By the time we longjmp back to the producer, all the local variables it kept on the stack (as opposed to in registers) may be long overwritten. That's why out of the box, setjmp/longjmp work fine as a try-catch/throw - but not as next/yield.

If, however, we:

Allocate space for a separate stack
Make the stack pointer point into that stack before setjmp
Restore the stack pointer after setjmp
Return to the caller (consumer)

…then we'll have created a jmp_buf with a stack pointer pointing to our separate space - jmp_buf remembers the stack pointer among the other registers. And then we can jump as we please back and forth between the producer and the consumer - they no longer overwrite each other's on-stack variables.

The actual stack switching is the ugly part of start. Once we accomplish that, and the producer calls next for the first time, bringing us past the if(!setjmp), all that is left is to call the entry point function and report that we're DONE:

  (*p->f)(p->arg);
  longjmp(p->c->caller_context, DONE);

The longjmp brings us back to a context saved by some call to next, and then next sees the DONE returned by setjmp and returns false to the consumer.

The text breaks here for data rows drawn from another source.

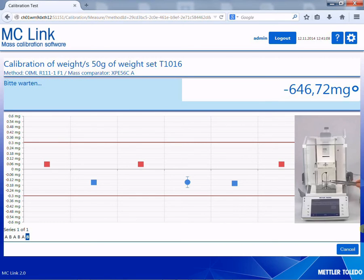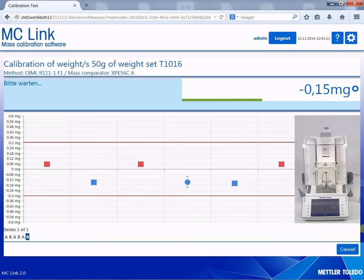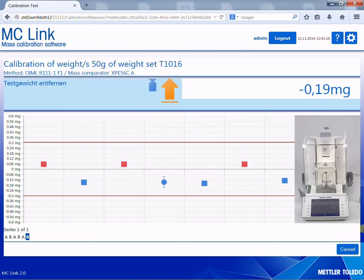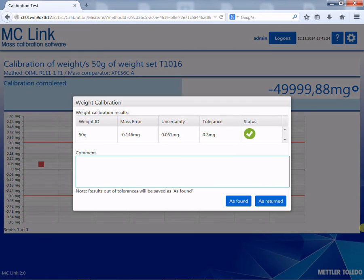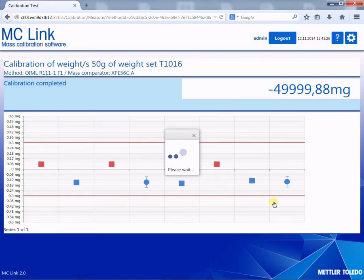The final result of the calibration is shown clearly on the laboratory client. Results within tolerances can be saved as found or as returned. Out of tolerance results can only be saved as found. This ensures that only correct results are enabled for the certification.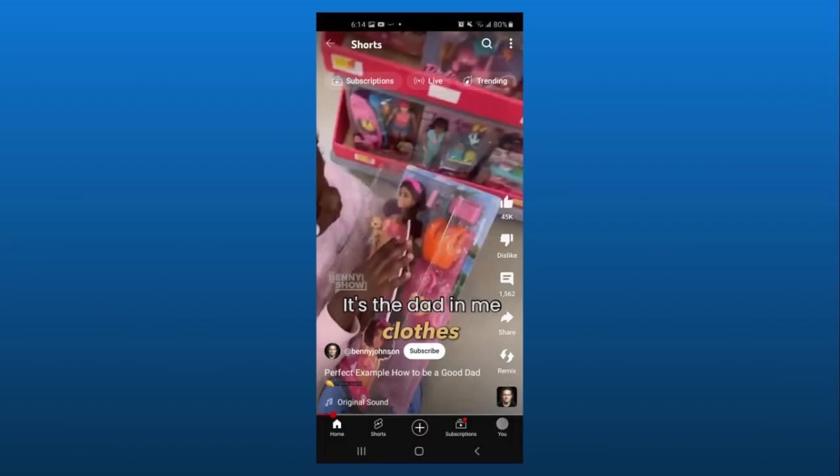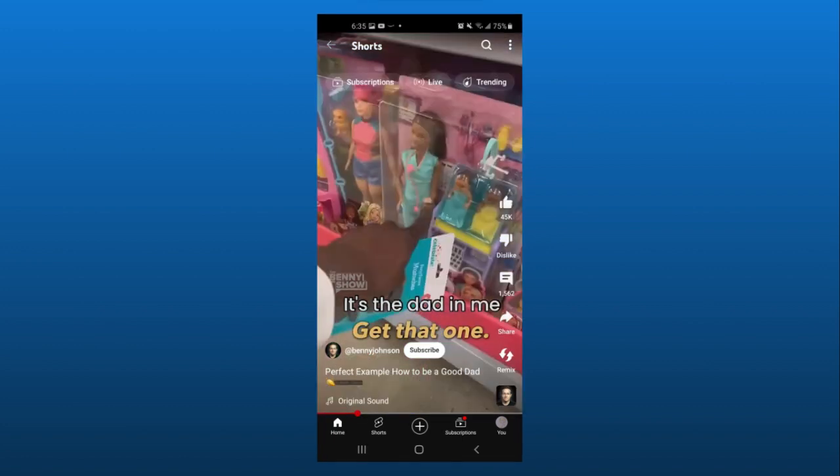When the little girl picks up a doll with a swimsuit on, the dad refuses because it has little to no clothes on, so he decides to pick up a nurse for her instead because it's a better option for her.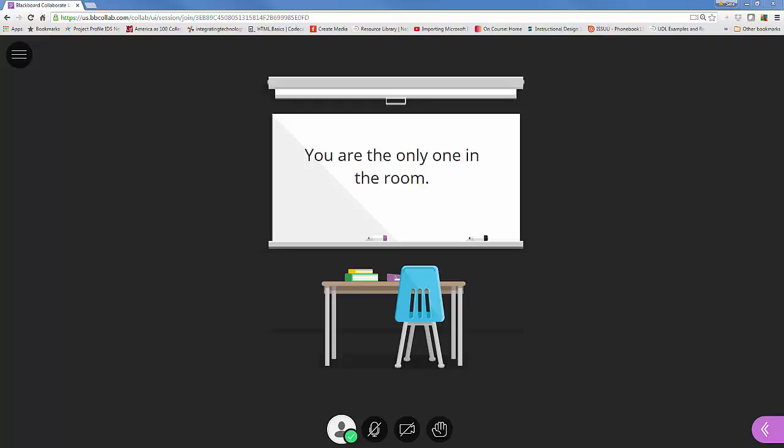Hello, I'm Sarah Gallagher. I'm an instructional designer at Triton College and today I'm going to take you through setting up your microphone in Collaborate Ultra.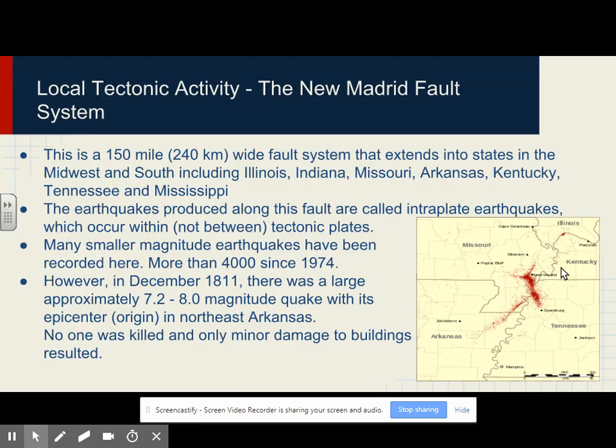The New Madrid Fault is a 150-mile-wide fault system that extends into states in the Midwest and South, including Illinois, Indiana, Missouri, Arkansas, Kentucky, Tennessee, and Mississippi. The earthquakes produced along this fault are called intraplate earthquakes, which occur within, not between, tectonic plates. Many smaller magnitude earthquakes have been recorded here — more than 4,000 since 1974. However, in December 1811, there was a large approximately 7.2 to 8 magnitude quake with its epicenter in northeast Arkansas; no one was killed and only minor damage to buildings resulted.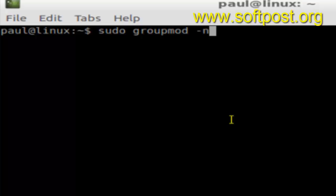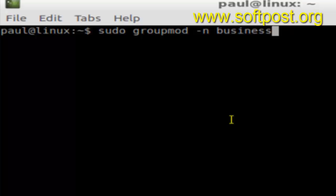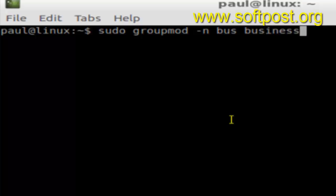Here, dash n, then new name of the group—say business one, or just bus—and then the old name of the group. So here, business is the name of the old group and bus is the name of the new group.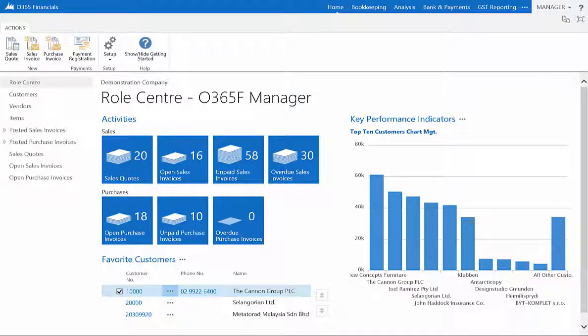In Inventory Setup, you can define your general policies for inventory management, such as the policy for negative inventory and the posting and adjustment of inventory costs.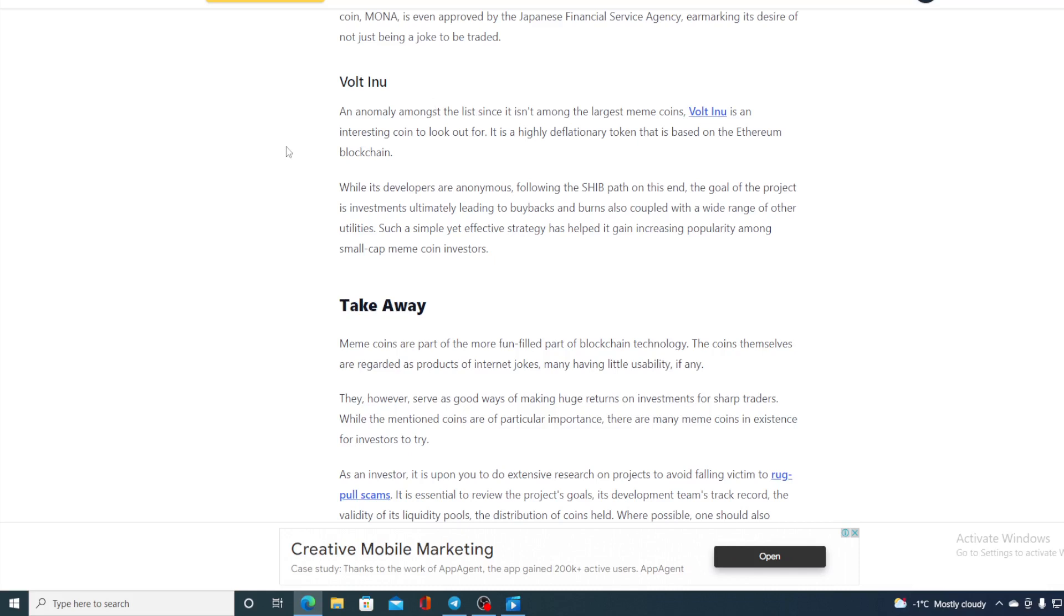It's a highly deflationary token that is based on the Ethereum blockchain. While its developers are anonymous, following the Shiba path, the goal of the project is investments, ultimately leading to buybacks and burns, also coupled with a wide range of other utilities. Such a simple yet effective strategy has helped it gain increasing popularity among small-cap meme coin investors, and it definitely did.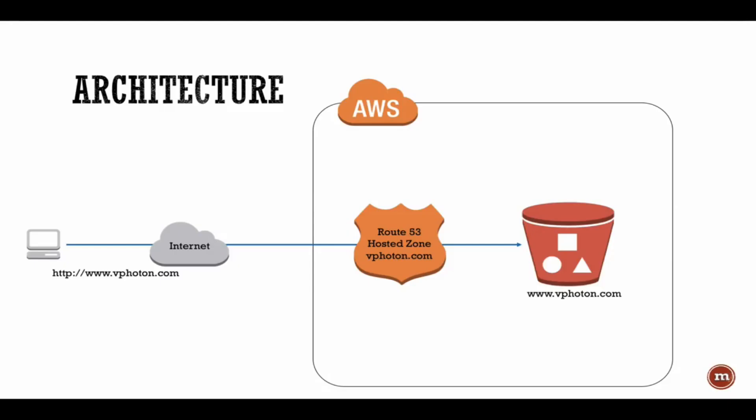First of all, let's have a quick look at the architecture of what we will be deploying today. Basically, we have a client computer on the left side which is trying to go to www.vfuton.com using the internet.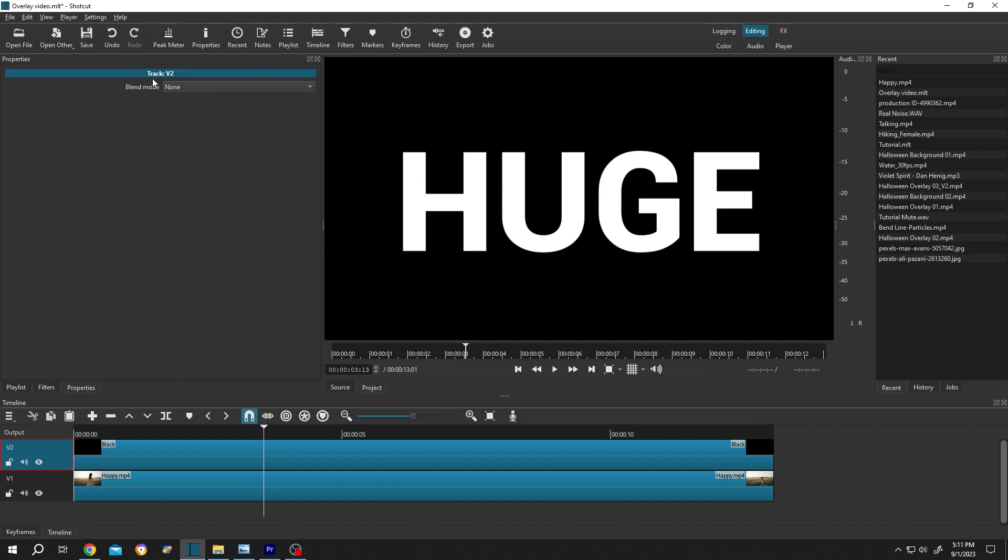Now as you can see here, we have our layer name Track V2. See, our layer 2 name is V2, and under that we have blend mode. Just single left click on this dropdown, then select the one you want. For us, the Multiply.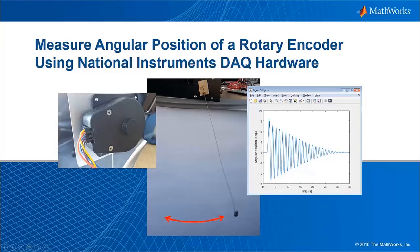In this video, we'll measure the angle of a rotary encoder as an example of how you can work with counters and timers on your data acquisition hardware.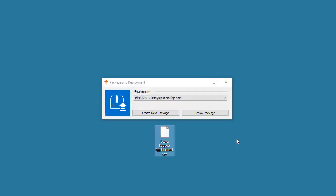Then at this stage, you can locate your newly created package file and take it over to deploy in another K2 target environment.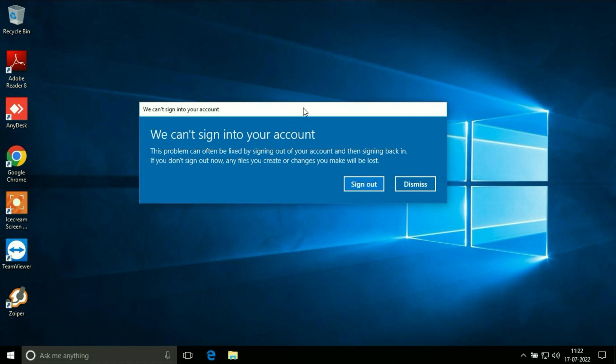Hi friends, my name is Raj and you are watching TechWide. In this video I will show you how to fix temporary profile login issue on Windows 10.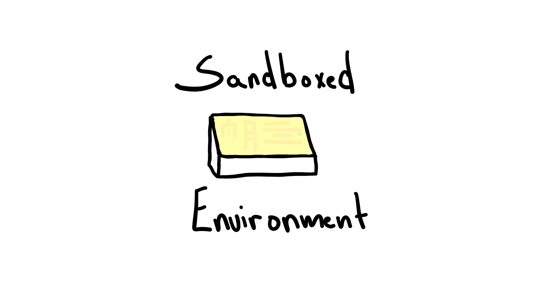Another measure is to only execute users code in a sandboxed environment where potentially dangerous modules and functions have been removed altogether. Unfortunately, sandboxing untrusted code is inherently difficult and prone to bypasses.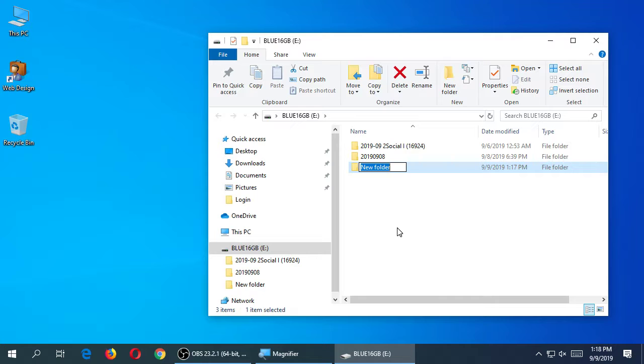I'm going to make a new folder on my flash drive — call it today's date, however you'd like. It's 9-9-19 today, if you didn't notice.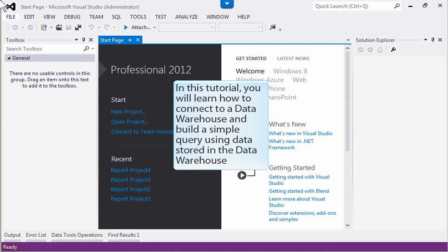In this tutorial, you will learn how to connect to a data warehouse and build a simple query using data stored in the data warehouse.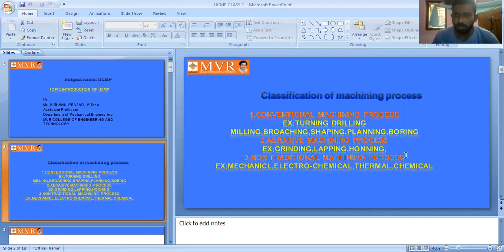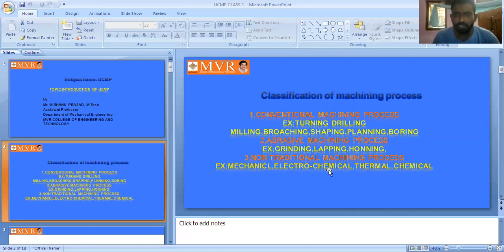In this UCMP subject, the topics you will study include: what is mechanical energy and its classifications, what is electrochemical energy and its classifications, what is thermal energy and its classifications, and what is chemical energy and its classifications. These are the overall syllabus topics of UCMP.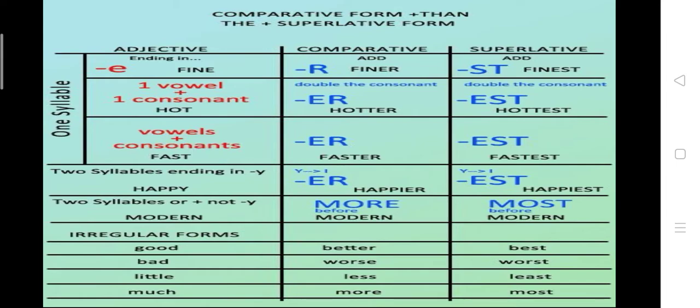Next, if there is a combination of vowels and consonants where the consonants are more than one at the end — for example, 'fast' where S and T are two final consonants — in such a case the preceding vowel will not have any effect. We simply add ER and EST to the comparative and superlative degree for monosyllabic words of this type.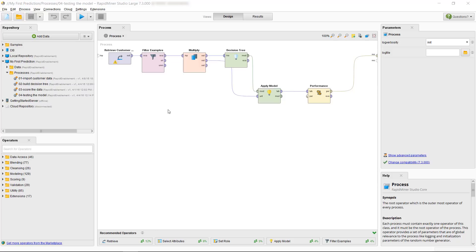If you want to follow along you can download the data file and processes which we are using and import them. The data loading process video will show you how it's done. Now let's go ahead and get started on the cross validation.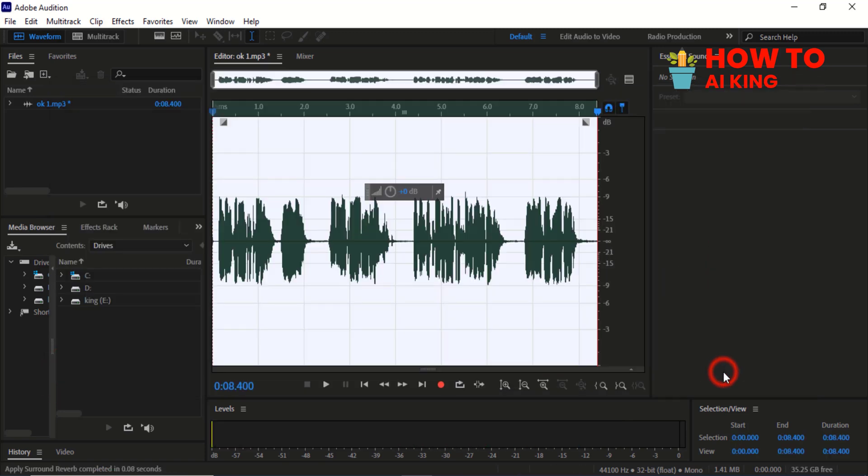Click on Apply. Thanks for watching this tutorial on how to make your audio sound studio quality in Adobe Audition.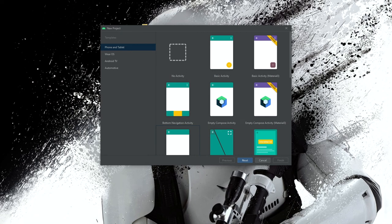Hello there and welcome. In this video I'm going to show you how to create and publish an Android library to Maven Local with Gradle, and I'm also going to show you how to consume this library after it has been published.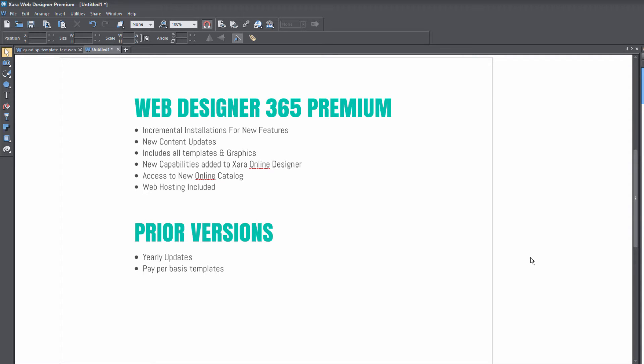Whereas in the past with prior versions, you would have to wait a whole year to get access to a feature, even if it was ready 30 days from now. So basically the main difference is you're going to get those new features incrementally versus with prior versions, you would have to wait till the whole year goes through. And then at the end of the year, you would get access to a set or group of new features.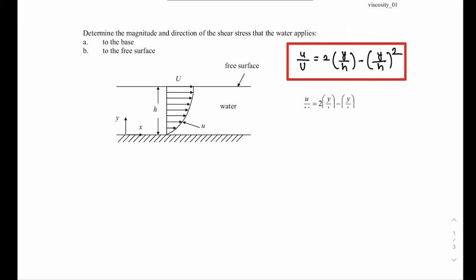In this example we are asked to solve for the magnitude and direction of the shear stress that this water is applying on the bottom surface and the free surface. We are also given the velocity profile of the water, which is a parabolic velocity profile given by this formula.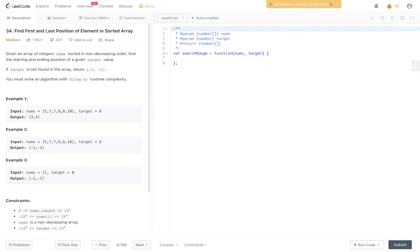Welcome back to Algo.js. Today's question is LeetCode 34: Find First and Last Position of Element in a Sorted Array. Given an array of integers, nums, sorted in non-decreasing order, find the starting and ending position of a given target value. If the target is not found in the array, return [-1, -1]. You must write an algorithm with O(log N) runtime complexity.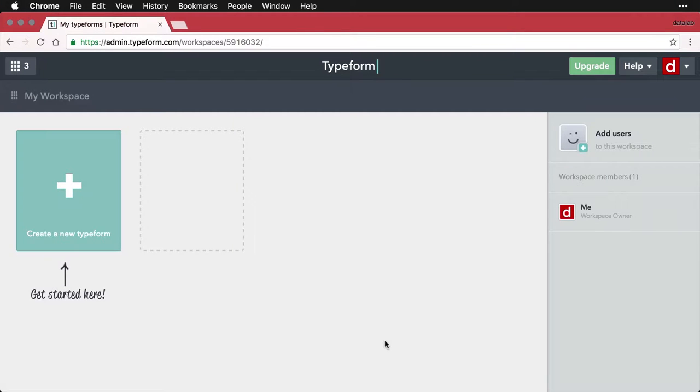When you first log into Typeform, the thing that you're going to see is your workspace, or the place that you store your documents, then you can access them and modify them as you see fit.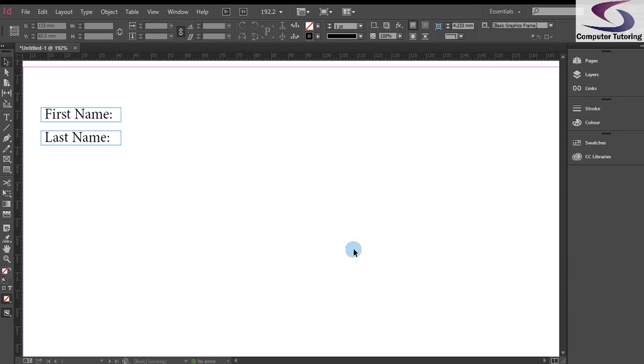Hello and welcome to another training session with Computer Tutoring. This time we're going to have a look at interactive forms within Adobe InDesign.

And now to the stack switching. Basically, all we need is some inline assembly to change $sp - the stack pointer register, something most machines have. There are two complications though:

Apart from $sp, there's also the frame pointer (at least in debug builds) - a register pointing into the stack and used to access local variables. So we have to switch that, too.
Our parameters, such as f and arg, may themselves be on the stack. So how do we access them after switching the stack?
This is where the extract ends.